Il taglio quasi a metà della quota del socio pubblico dal 64% apre nuove possibilità nel dossier e offre al Tesoro diverse opzioni. L'unico vincolo con l'UE è quello di riprivatizzare entro giugno 2024, ma questo sembra ormai superato, dato che non ci sono compratori in vista da mesi. Il Tesoro ha scelto una via intermedia, cedendo il 25% come "prima fase di un processo più ampio per valorizzare pienamente Mps". La quota pubblica è ora al 39,2%, e potrebbe essere ridotta ulteriormente l'anno prossimo in una seconda collocazione fino al 10%. Nonostante l'impegno a non vendere ulteriori azioni Mps per 90 giorni, il Tesoro potrebbe riesaminare la situazione in base alle condizioni e ai risultati del bilancio 2023, con la possibilità di contattare nuovamente gli investitori che hanno manifestato un forte interesse.

La giustizia potrebbe dare una mano al dossier con la sentenza d'appello prevista per lunedì prossimo sul filone che ha coinvolto gli ex manager Profumo e Viola. Dopo l'assoluzione in Cassazione dei predecessori Mussari e Vigni a ottobre, c'è una buona possibilità che vengano assolti, con un impatto significativo sui rischi legali di Mps.
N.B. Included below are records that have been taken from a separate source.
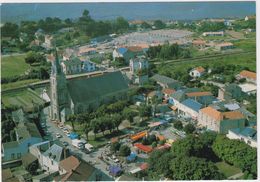 Les Moutiers-en-Retz. La Place De L'église - Les Moutiers-en-Retz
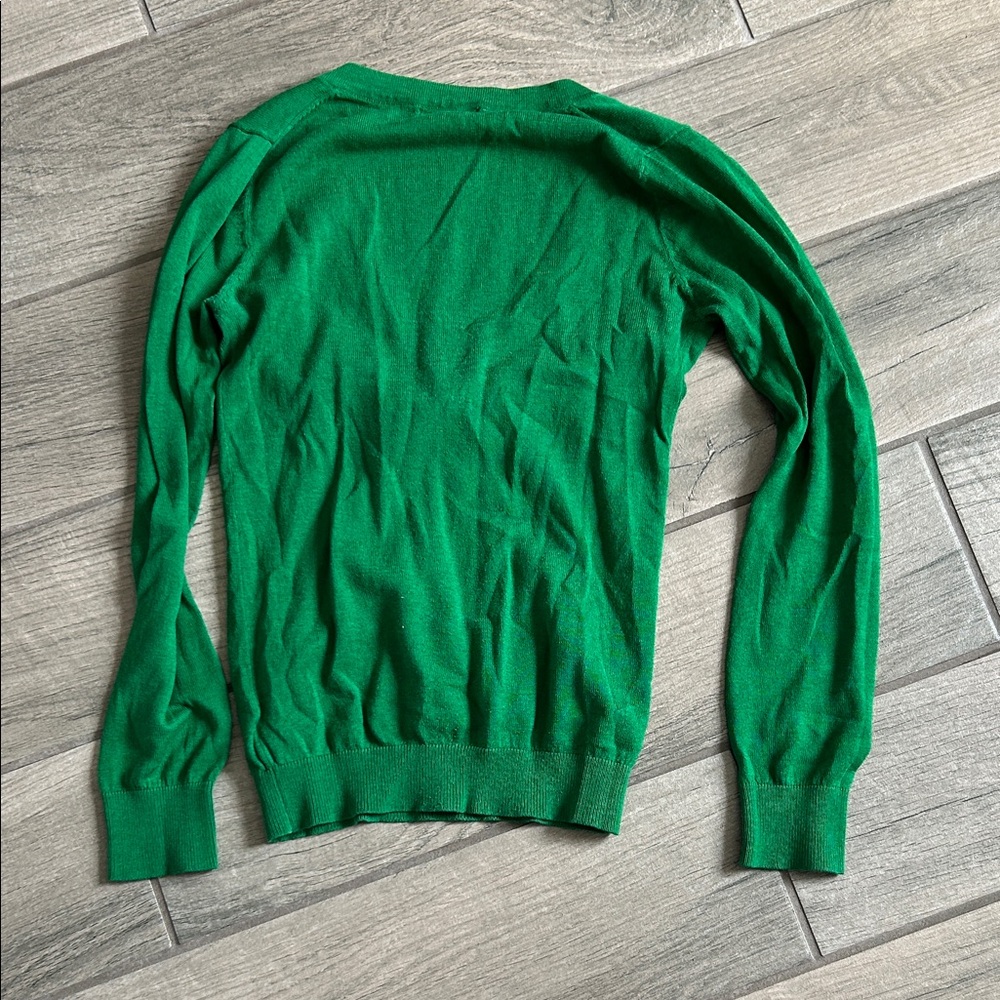 Forever 21 Vibrant Green V-Neck Sweater - Picture 4 of 4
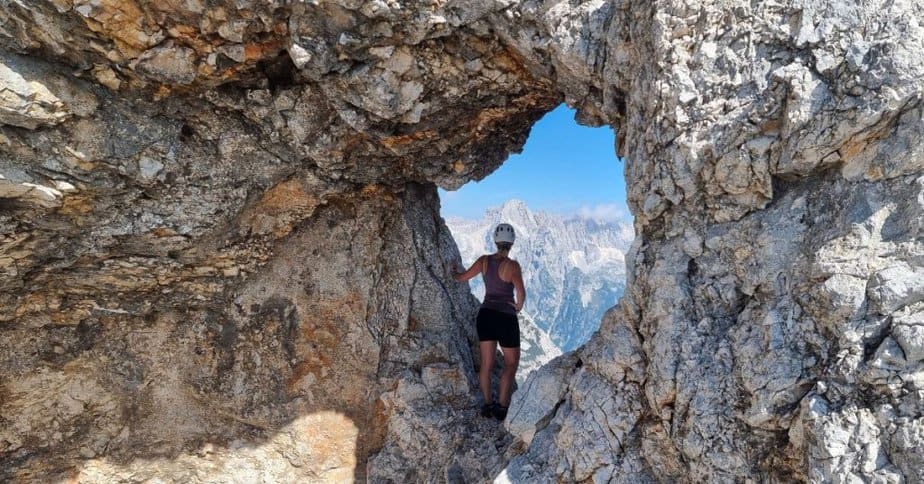 Le kdo ga ne pozna... Okno v Rjavini s pogledom na Škrlatico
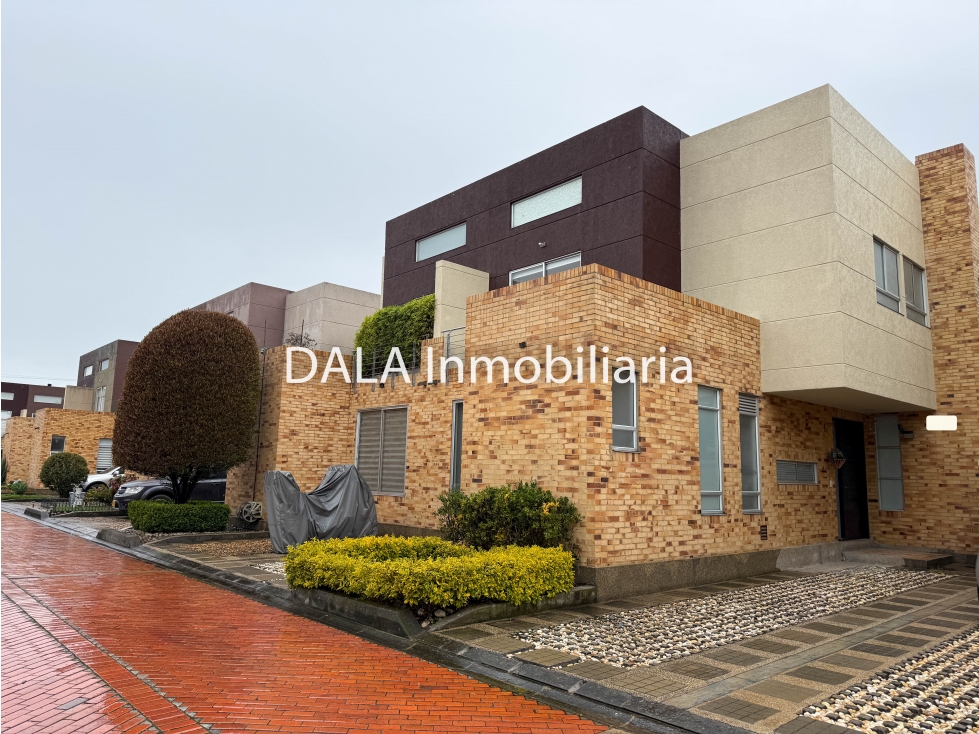 SE VENDE CASA VDA FONQUETA EN CHIA CUNDINAMARCA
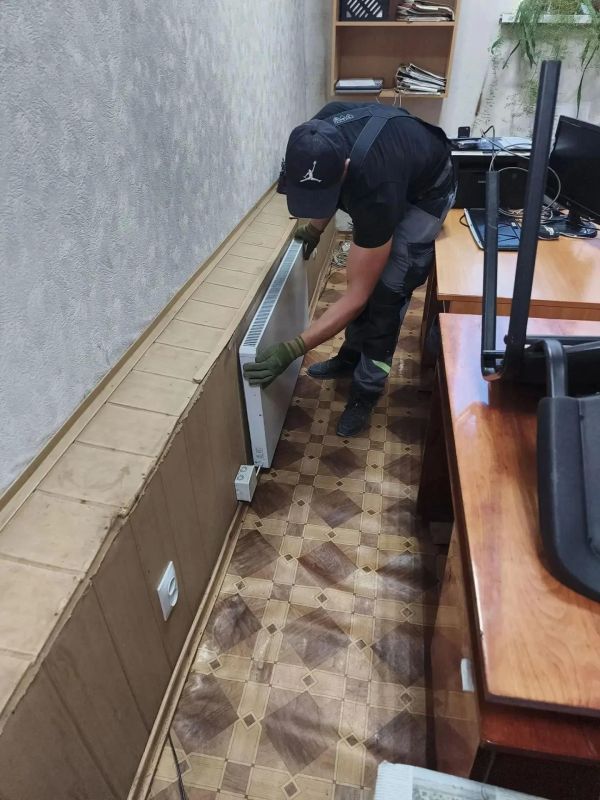 Теплотехники из Удмуртии приступили к ремонту отопления в административном здании поселка Белореченский
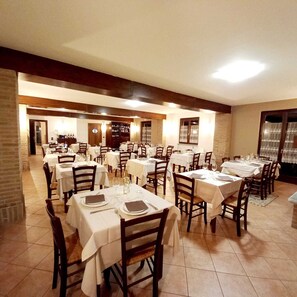 Restaurant - LOCANDA DEL VIANDANTE (Magliano Alfieri)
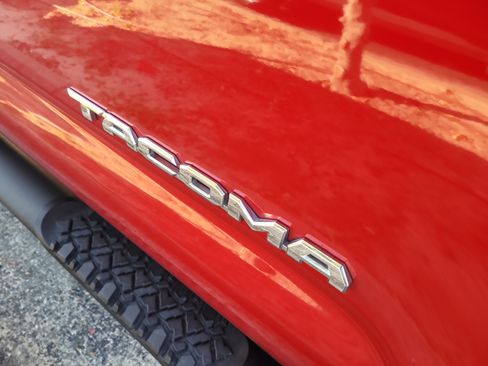 Used 2023 Toyota Tacoma TRD Sport image 10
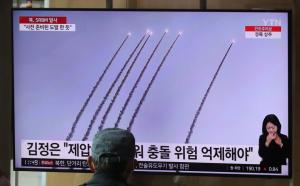 北, 신형 유도발사체 6발 쏘아올려...軍 당국 초기탐지 실패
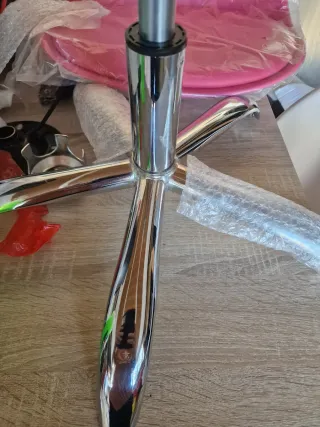 Silla de escritorio roja y plateada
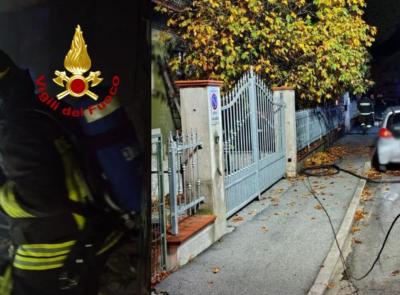 Corridonia, un piccolo eroe nella notte: sveglia i condomini durante l’incendio ed evita il peggio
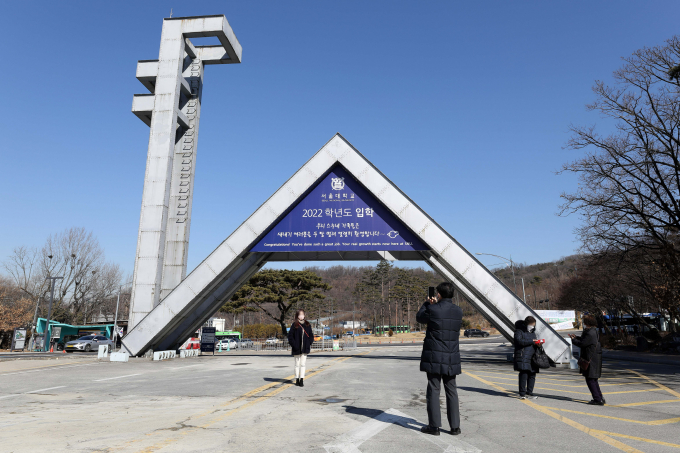 서울대가 부정선거론을 주장한 모스 탄 전 국제형사사법대사의 캠퍼스 내 강연과 교내 행진을 교육 지장 초래 이유로 불허했다. 사진은 서울대 정문의 모습. /사진=뉴시스
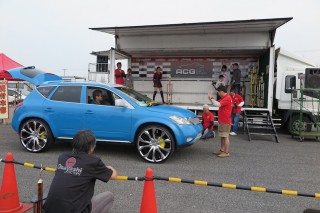 MURANO is first victory in the debut event 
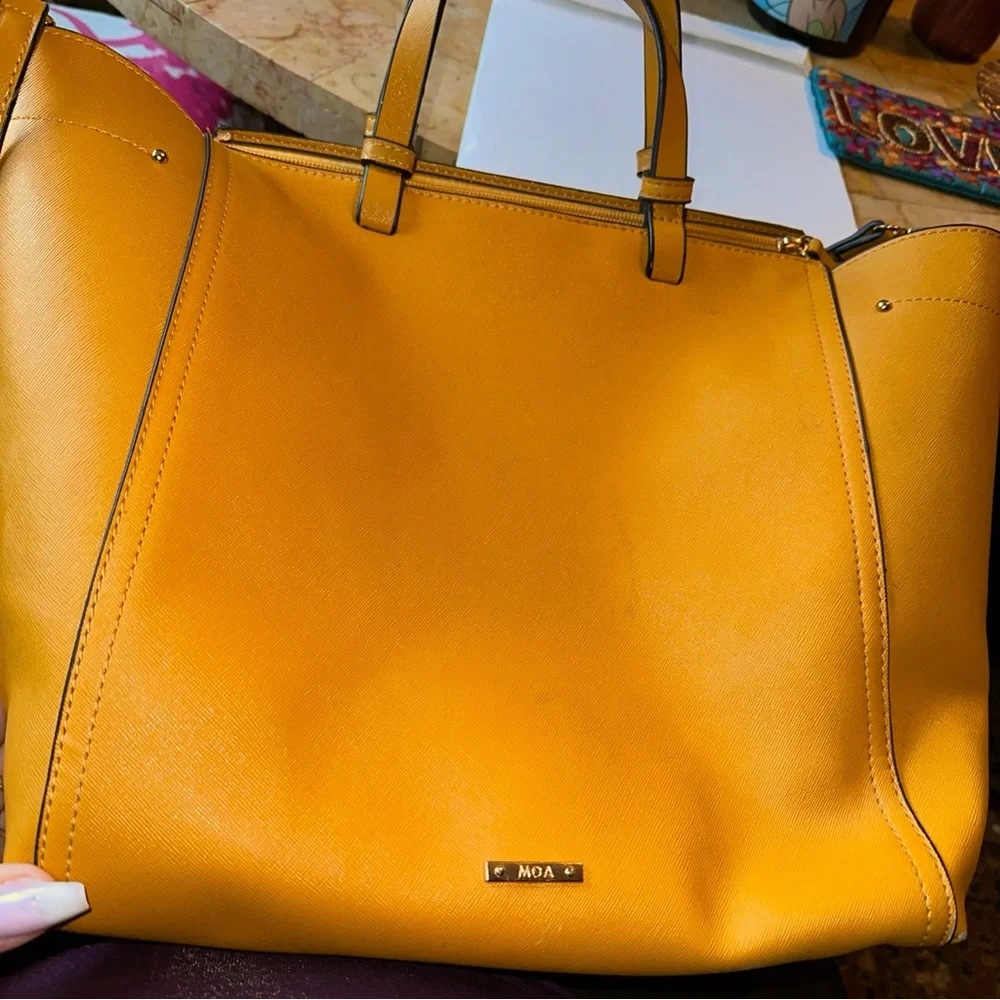 MOA YELLOW BAG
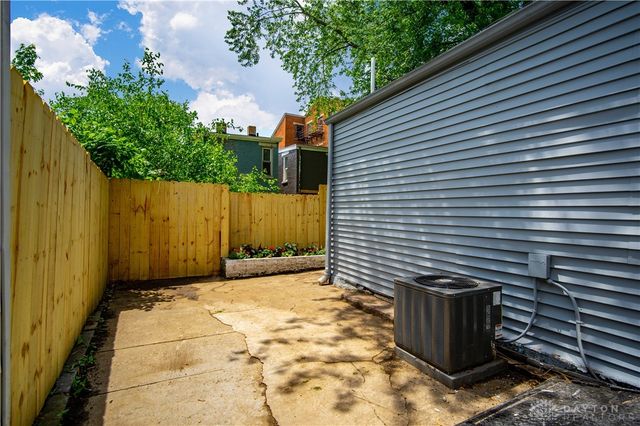 913 Charlotte Street, Hamilton, OH 45214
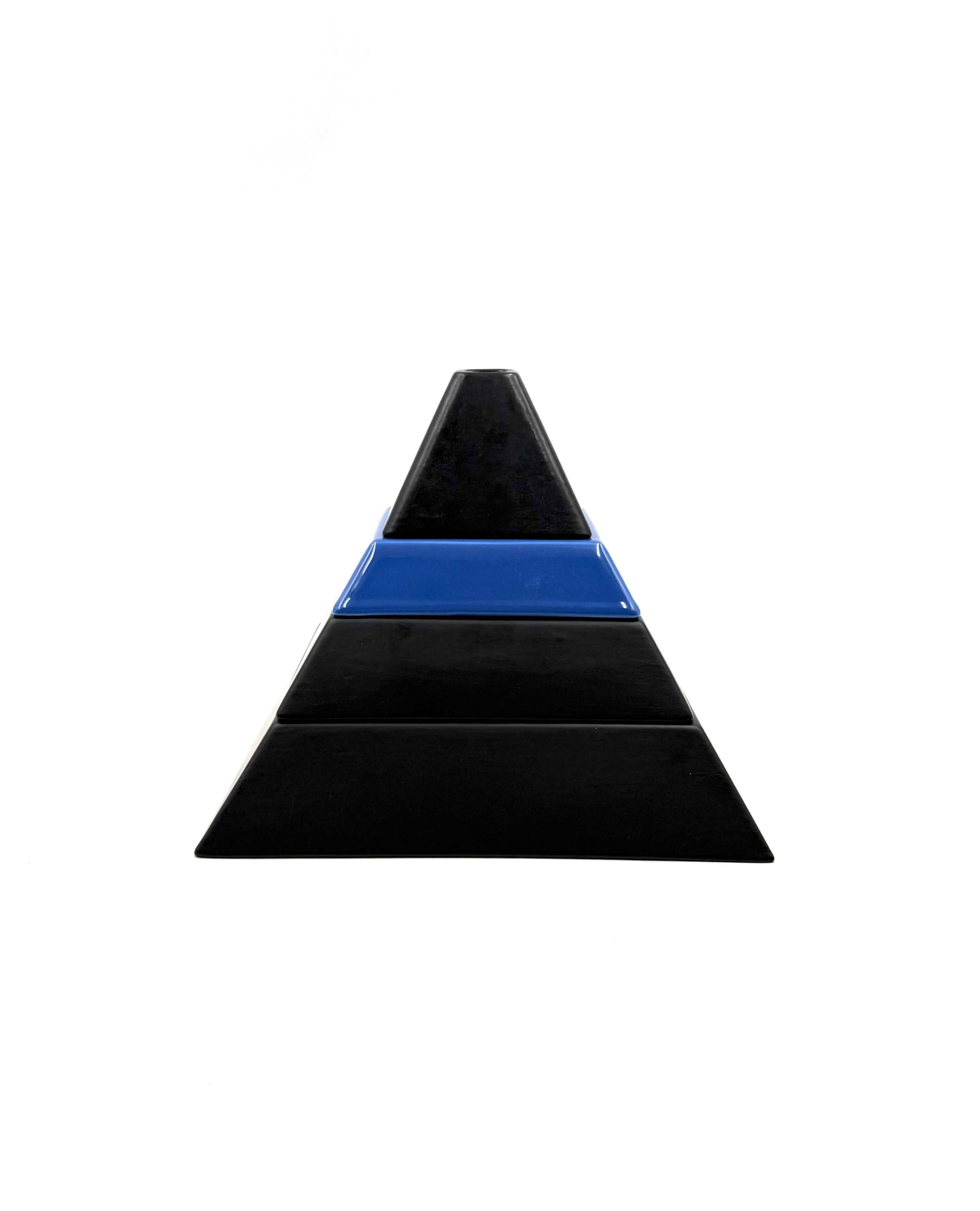 Pyramid shaped stacked ceramic ashtrays / centerpiece Amalgames France 1980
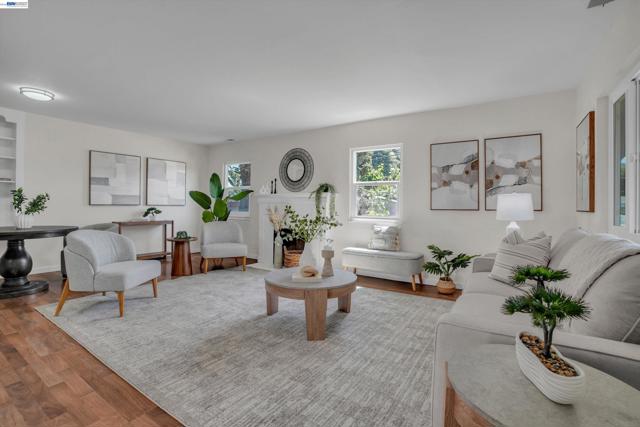 Image 7 of 36 For 16188 Yale Ave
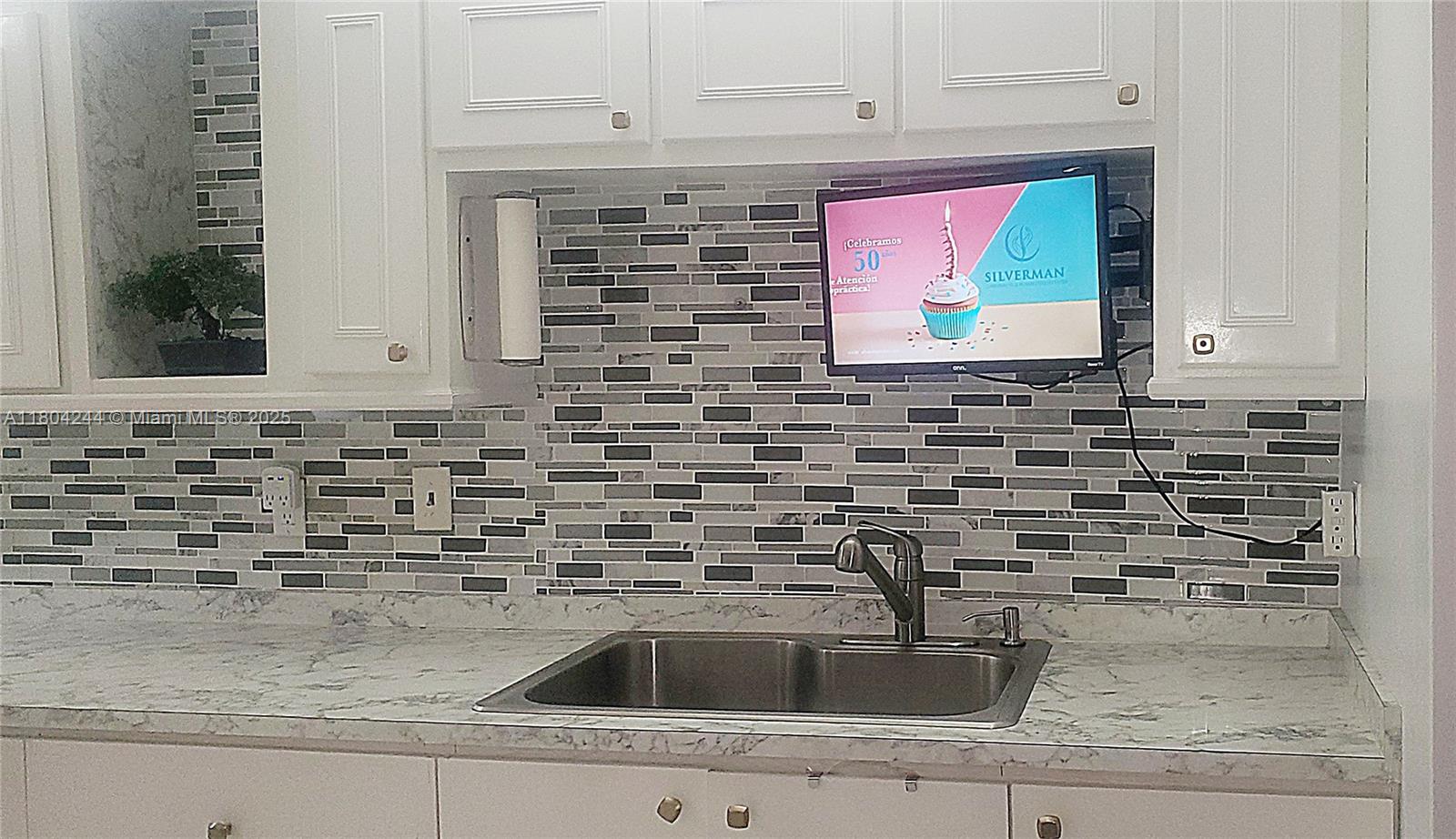 SUNRISE ISLAND CONDOMINIU - Residential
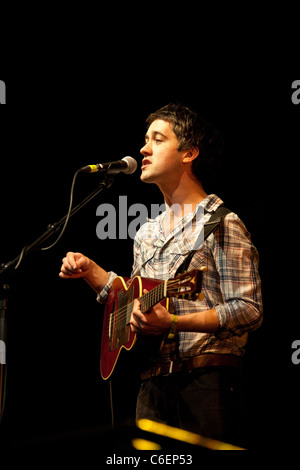 Gli abitanti del villaggio di eseguire al Green man Festival, Glanusk Park, Wales, Regno Unito Foto Stock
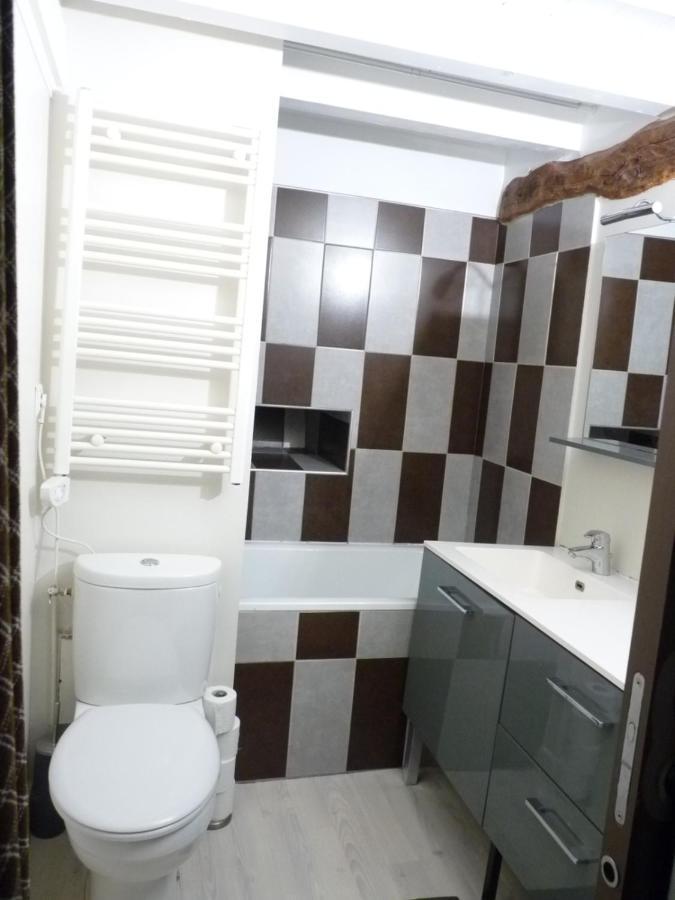 La Petite Maison Carre Talant Bagian luar foto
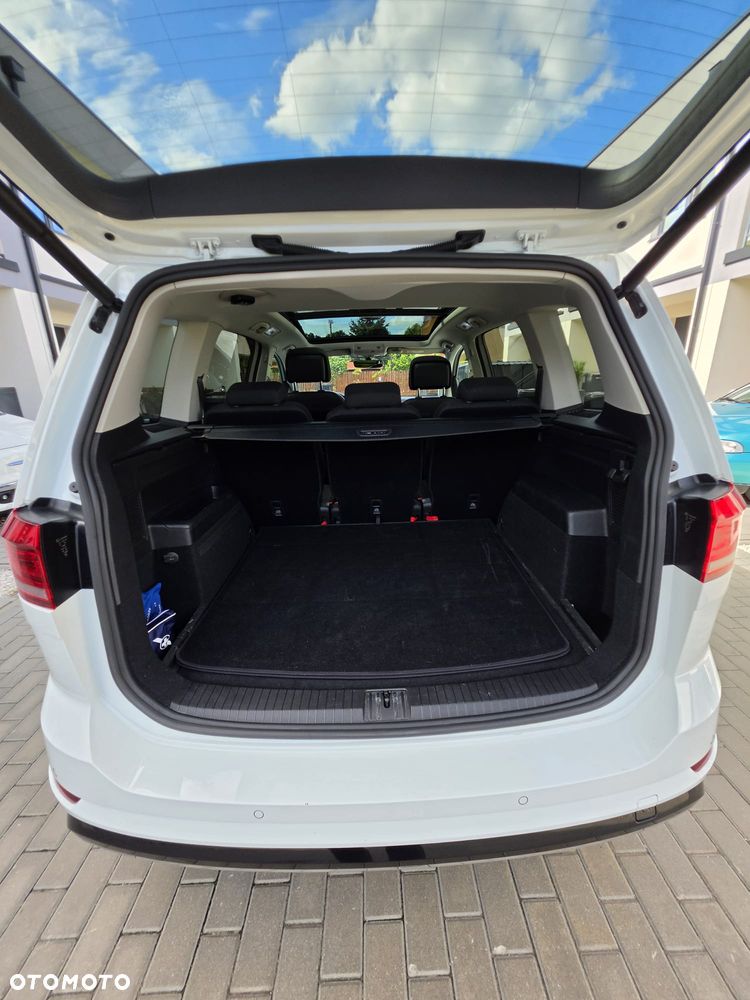 Volkswagen Touran 1.5 TSI EVO Highline DSG - 8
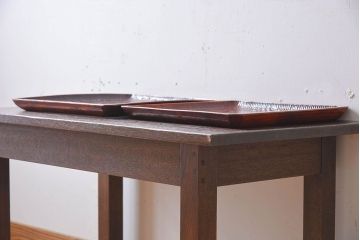 アンティーク雑貨　アンティーク　讃岐彫　古い松材の刳り貫き角盆2枚セット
Nel bilancio Mps ci sono richieste di danni per 160 milioni direttamente legate al processo Profumo-Viola, ma un'assoluzione definitiva potrebbe consentire a Mps di imputare fino a 600 milioni di riserve su rischi legali al capitale primario (CET1), portandolo al 17,2%, uno dei livelli più alti in Europa, come racconta La Repubblica.

Per Mediobanca, l'alto patrimonio è fondamentale affinché il Tesoro possa cedere Mps senza richiedere fondi pubblici. La banca ha simulato tre scenari di fusione, suggerendo che Unicredit potrebbe pagare in contanti e azzerare la presenza del Tesoro nel nuovo polo, mentre Banco BPM e BPER potrebbero pagare con azioni, diluendo la quota del Tesoro nel "terzo polo italiano" al 13%. Anche se le tre banche negano attualmente ogni interesse, la possibilità di fusioni non sembra così remota come due anni fa.